A rather fact specific inquiry here, but the basic lesson seems to be that a claim should not be interpreted so as to import requirements for the greater context when the claim itself is more specifically directed to a particular aspect.

Background / Facts: The patent here was directed to anchoring cartilage within a joint. It discloses drilling a hole through the hard outer shell of bone into the less dense cancellous bone followed by a surgeon inserting a small, but resilient device (an “anchor”) by pressing it into the smaller drilled hole. The anchor compresses as it passes through that hole, but once in the softer cancellous bone, the resilience causes it to expand again, causing it to stay in place. In this regard, claim 1 recites “[a] method for anchoring in bone a member and attached suture” that  comprises “lodging the member within the hole by pressing the member with attached suture into the hole.”

Issue(s): Whether to be “lodged” the anchor has to “withstand all the forces of surgery” as construed by the district court.

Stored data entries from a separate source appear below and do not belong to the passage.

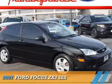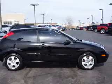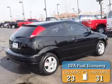Presenting the 2007 Ford Focus. It's powered by front-wheel drive, a two-liter four-cylinder engine, and an automatic transmission. Great fuel efficiency saves you money by requiring fewer trips to the gas station.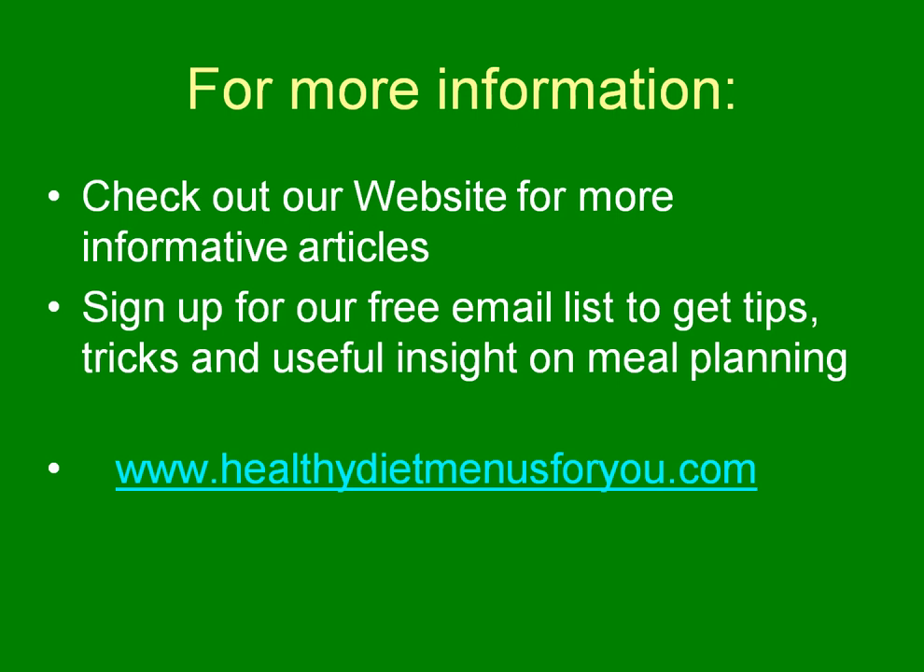Check out our website at Healthy Diet Menus For You for more information. We also provide a cholesterol diet menu with meal plans and grocery lists for you if you're interested. Thank you very much for listening today.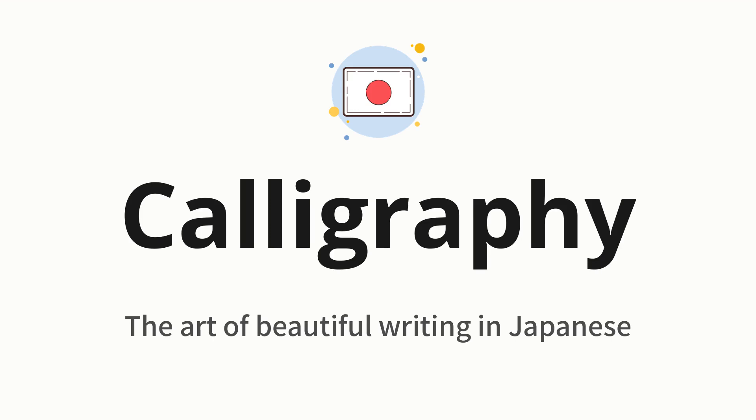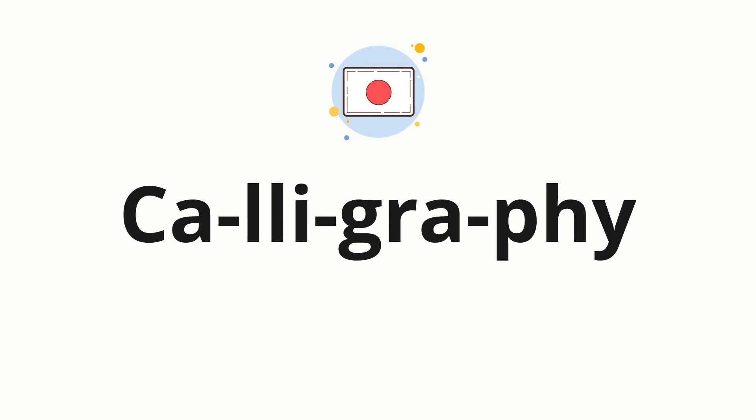Let's say it all together: Calligraphy. One more time: Calligraphy. Now, let's split the word into syllables, and then pronounce each syllable one by one.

Holding(s): No. Claim 1 is directed only to anchoring a suture in the bone, not to the full surgical operation. The “lodging” step occurs just after “forming” the hole and “attaching” a suture, but prior to “attaching tissue.” None of the other steps of the actual surgery that occur after that attachment of tissue to the anchor are claimed. “Instead, lodging, as claimed, only relates to how the anchor stays in place after being initially pressed into the bone … [T]he surgeon’s tug, while possibly necessary to complete the surgery, is not part of what is claimed.”